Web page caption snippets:
=== Begin Enclosure ===

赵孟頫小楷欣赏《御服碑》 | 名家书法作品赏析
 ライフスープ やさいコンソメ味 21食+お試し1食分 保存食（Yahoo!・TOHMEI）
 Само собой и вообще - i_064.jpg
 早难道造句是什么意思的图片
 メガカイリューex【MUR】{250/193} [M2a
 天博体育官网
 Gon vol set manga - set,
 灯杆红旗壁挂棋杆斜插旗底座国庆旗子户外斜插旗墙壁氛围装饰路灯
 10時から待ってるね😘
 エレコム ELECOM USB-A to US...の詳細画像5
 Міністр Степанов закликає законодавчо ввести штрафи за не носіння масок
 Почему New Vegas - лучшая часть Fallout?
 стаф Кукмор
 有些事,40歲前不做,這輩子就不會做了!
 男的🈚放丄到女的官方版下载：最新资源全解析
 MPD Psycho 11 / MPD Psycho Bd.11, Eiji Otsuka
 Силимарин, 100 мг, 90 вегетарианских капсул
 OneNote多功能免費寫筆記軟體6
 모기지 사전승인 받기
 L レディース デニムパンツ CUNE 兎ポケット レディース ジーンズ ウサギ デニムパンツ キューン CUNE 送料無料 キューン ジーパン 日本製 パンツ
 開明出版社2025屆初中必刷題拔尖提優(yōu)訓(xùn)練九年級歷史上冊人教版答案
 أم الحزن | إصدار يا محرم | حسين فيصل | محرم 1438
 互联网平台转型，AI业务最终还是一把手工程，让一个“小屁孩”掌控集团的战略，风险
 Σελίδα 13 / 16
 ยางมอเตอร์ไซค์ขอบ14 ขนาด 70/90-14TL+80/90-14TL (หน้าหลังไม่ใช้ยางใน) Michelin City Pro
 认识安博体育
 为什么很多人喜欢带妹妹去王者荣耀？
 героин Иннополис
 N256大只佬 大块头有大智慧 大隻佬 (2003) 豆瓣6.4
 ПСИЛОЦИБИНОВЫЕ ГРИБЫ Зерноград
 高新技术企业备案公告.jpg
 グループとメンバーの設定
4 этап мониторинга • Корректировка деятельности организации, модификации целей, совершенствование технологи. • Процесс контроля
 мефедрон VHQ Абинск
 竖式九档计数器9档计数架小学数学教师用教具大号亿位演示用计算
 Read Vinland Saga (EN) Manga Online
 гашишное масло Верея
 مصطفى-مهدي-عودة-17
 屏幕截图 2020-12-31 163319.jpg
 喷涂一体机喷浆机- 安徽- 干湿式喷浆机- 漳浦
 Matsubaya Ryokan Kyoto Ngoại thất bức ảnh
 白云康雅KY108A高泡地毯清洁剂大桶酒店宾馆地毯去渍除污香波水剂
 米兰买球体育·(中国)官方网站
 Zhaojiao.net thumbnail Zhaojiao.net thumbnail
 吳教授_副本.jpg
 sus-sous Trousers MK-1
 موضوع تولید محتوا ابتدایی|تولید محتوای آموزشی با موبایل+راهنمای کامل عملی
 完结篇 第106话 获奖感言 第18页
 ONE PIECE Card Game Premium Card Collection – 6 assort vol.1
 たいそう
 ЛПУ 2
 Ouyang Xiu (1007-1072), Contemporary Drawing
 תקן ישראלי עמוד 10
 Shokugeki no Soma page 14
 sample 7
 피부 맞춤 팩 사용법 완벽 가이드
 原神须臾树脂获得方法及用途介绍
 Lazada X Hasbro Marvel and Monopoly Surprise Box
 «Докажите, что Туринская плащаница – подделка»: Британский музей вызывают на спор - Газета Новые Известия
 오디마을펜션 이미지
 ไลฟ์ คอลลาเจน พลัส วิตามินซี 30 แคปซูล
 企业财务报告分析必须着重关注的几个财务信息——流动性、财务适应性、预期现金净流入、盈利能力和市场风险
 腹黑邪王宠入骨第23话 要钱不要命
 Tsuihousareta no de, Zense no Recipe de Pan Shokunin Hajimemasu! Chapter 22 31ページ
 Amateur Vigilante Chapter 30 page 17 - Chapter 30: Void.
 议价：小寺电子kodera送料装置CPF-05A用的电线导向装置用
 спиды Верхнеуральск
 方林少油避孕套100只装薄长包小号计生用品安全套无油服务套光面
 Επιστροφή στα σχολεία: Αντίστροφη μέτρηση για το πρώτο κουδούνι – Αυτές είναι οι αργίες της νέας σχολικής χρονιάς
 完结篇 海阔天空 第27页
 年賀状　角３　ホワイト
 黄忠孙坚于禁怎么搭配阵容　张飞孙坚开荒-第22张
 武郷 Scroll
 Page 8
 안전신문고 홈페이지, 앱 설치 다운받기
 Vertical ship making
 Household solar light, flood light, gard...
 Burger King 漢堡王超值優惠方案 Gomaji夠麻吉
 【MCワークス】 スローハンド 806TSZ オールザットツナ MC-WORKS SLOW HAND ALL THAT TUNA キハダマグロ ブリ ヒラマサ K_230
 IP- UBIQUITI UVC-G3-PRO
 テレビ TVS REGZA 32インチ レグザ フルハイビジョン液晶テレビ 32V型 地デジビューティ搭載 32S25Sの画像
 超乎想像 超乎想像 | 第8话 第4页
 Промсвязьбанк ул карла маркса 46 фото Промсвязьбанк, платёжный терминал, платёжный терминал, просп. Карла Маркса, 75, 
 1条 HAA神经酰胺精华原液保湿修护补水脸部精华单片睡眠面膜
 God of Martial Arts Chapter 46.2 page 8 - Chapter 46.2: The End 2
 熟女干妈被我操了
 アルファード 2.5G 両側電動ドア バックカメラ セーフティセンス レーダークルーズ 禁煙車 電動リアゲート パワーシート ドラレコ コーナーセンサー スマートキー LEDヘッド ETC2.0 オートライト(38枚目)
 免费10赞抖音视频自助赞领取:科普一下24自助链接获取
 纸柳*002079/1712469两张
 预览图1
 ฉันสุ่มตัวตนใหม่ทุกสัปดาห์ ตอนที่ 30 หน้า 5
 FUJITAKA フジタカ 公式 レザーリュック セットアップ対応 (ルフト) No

=== End Enclosure ===

What to do:
Each record must be repeated exactly as it is.

The answer:
赵孟頫小楷欣赏《御服碑》 | 名家书法作品赏析
 ライフスープ やさいコンソメ味 21食+お試し1食分 保存食（Yahoo!・TOHMEI）
 Само собой и вообще - i_064.jpg
 早难道造句是什么意思的图片
 メガカイリューex【MUR】{250/193} [M2a
 天博体育官网
 Gon vol set manga - set,
 灯杆红旗壁挂棋杆斜插旗底座国庆旗子户外斜插旗墙壁氛围装饰路灯
 10時から待ってるね😘
 エレコム ELECOM USB-A to US...の詳細画像5
 Міністр Степанов закликає законодавчо ввести штрафи за не носіння масок
 Почему New Vegas - лучшая часть Fallout?
 стаф Кукмор
 有些事,40歲前不做,這輩子就不會做了!
 男的🈚放丄到女的官方版下载：最新资源全解析
 MPD Psycho 11 / MPD Psycho Bd.11, Eiji Otsuka
 Силимарин, 100 мг, 90 вегетарианских капсул
 OneNote多功能免費寫筆記軟體6
 모기지 사전승인 받기
 L レディース デニムパンツ CUNE 兎ポケット レディース ジーンズ ウサギ デニムパンツ キューン CUNE 送料無料 キューン ジーパン 日本製 パンツ
 開明出版社2025屆初中必刷題拔尖提優(yōu)訓(xùn)練九年級歷史上冊人教版答案
 أم الحزن | إصدار يا محرم | حسين فيصل | محرم 1438
 互联网平台转型，AI业务最终还是一把手工程，让一个“小屁孩”掌控集团的战略，风险
 Σελίδα 13 / 16
 ยางมอเตอร์ไซค์ขอบ14 ขนาด 70/90-14TL+80/90-14TL (หน้าหลังไม่ใช้ยางใน) Michelin City Pro
 认识安博体育
 为什么很多人喜欢带妹妹去王者荣耀？
 героин Иннополис
 N256大只佬 大块头有大智慧 大隻佬 (2003) 豆瓣6.4
 ПСИЛОЦИБИНОВЫЕ ГРИБЫ Зерноград
 高新技术企业备案公告.jpg
 グループとメンバーの設定
4 этап мониторинга • Корректировка деятельности организации, модификации целей, совершенствование технологи. • Процесс контроля
 мефедрон VHQ Абинск
 竖式九档计数器9档计数架小学数学教师用教具大号亿位演示用计算
 Read Vinland Saga (EN) Manga Online
 гашишное масло Верея
 مصطفى-مهدي-عودة-17
 屏幕截图 2020-12-31 163319.jpg
 喷涂一体机喷浆机- 安徽- 干湿式喷浆机- 漳浦
 Matsubaya Ryokan Kyoto Ngoại thất bức ảnh
 白云康雅KY108A高泡地毯清洁剂大桶酒店宾馆地毯去渍除污香波水剂
 米兰买球体育·(中国)官方网站
 Zhaojiao.net thumbnail Zhaojiao.net thumbnail
 吳教授_副本.jpg
 sus-sous Trousers MK-1
 موضوع تولید محتوا ابتدایی|تولید محتوای آموزشی با موبایل+راهنمای کامل عملی
 完结篇 第106话 获奖感言 第18页
 ONE PIECE Card Game Premium Card Collection – 6 assort vol.1
 たいそう
 ЛПУ 2
 Ouyang Xiu (1007-1072), Contemporary Drawing
 תקן ישראלי עמוד 10
 Shokugeki no Soma page 14
 sample 7
 피부 맞춤 팩 사용법 완벽 가이드
 原神须臾树脂获得方法及用途介绍
 Lazada X Hasbro Marvel and Monopoly Surprise Box
 «Докажите, что Туринская плащаница – подделка»: Британский музей вызывают на спор - Газета Новые Известия
 오디마을펜션 이미지
 ไลฟ์ คอลลาเจน พลัส วิตามินซี 30 แคปซูล
 企业财务报告分析必须着重关注的几个财务信息——流动性、财务适应性、预期现金净流入、盈利能力和市场风险
 腹黑邪王宠入骨第23话 要钱不要命
 Tsuihousareta no de, Zense no Recipe de Pan Shokunin Hajimemasu! Chapter 22 31ページ
 Amateur Vigilante Chapter 30 page 17 - Chapter 30: Void.
 议价：小寺电子kodera送料装置CPF-05A用的电线导向装置用
 спиды Верхнеуральск
 方林少油避孕套100只装薄长包小号计生用品安全套无油服务套光面
 Επιστροφή στα σχολεία: Αντίστροφη μέτρηση για το πρώτο κουδούνι – Αυτές είναι οι αργίες της νέας σχολικής χρονιάς
 完结篇 海阔天空 第27页
 年賀状　角３　ホワイト
 黄忠孙坚于禁怎么搭配阵容　张飞孙坚开荒-第22张
 武郷 Scroll
 Page 8
 안전신문고 홈페이지, 앱 설치 다운받기
 Vertical ship making
 Household solar light, flood light, gard...
 Burger King 漢堡王超值優惠方案 Gomaji夠麻吉
 【MCワークス】 スローハンド 806TSZ オールザットツナ MC-WORKS SLOW HAND ALL THAT TUNA キハダマグロ ブリ ヒラマサ K_230
 IP- UBIQUITI UVC-G3-PRO
 テレビ TVS REGZA 32インチ レグザ フルハイビジョン液晶テレビ 32V型 地デジビューティ搭載 32S25Sの画像
 超乎想像 超乎想像 | 第8话 第4页
 Промсвязьбанк ул карла маркса 46 фото Промсвязьбанк, платёжный терминал, платёжный терминал, просп. Карла Маркса, 75, 
 1条 HAA神经酰胺精华原液保湿修护补水脸部精华单片睡眠面膜
 God of Martial Arts Chapter 46.2 page 8 - Chapter 46.2: The End 2
 熟女干妈被我操了
 アルファード 2.5G 両側電動ドア バックカメラ セーフティセンス レーダークルーズ 禁煙車 電動リアゲート パワーシート ドラレコ コーナーセンサー スマートキー LEDヘッド ETC2.0 オートライト(38枚目)
 免费10赞抖音视频自助赞领取:科普一下24自助链接获取
 纸柳*002079/1712469两张
 预览图1
 ฉันสุ่มตัวตนใหม่ทุกสัปดาห์ ตอนที่ 30 หน้า 5
 FUJITAKA フジタカ 公式 レザーリュック セットアップ対応 (ルフト) No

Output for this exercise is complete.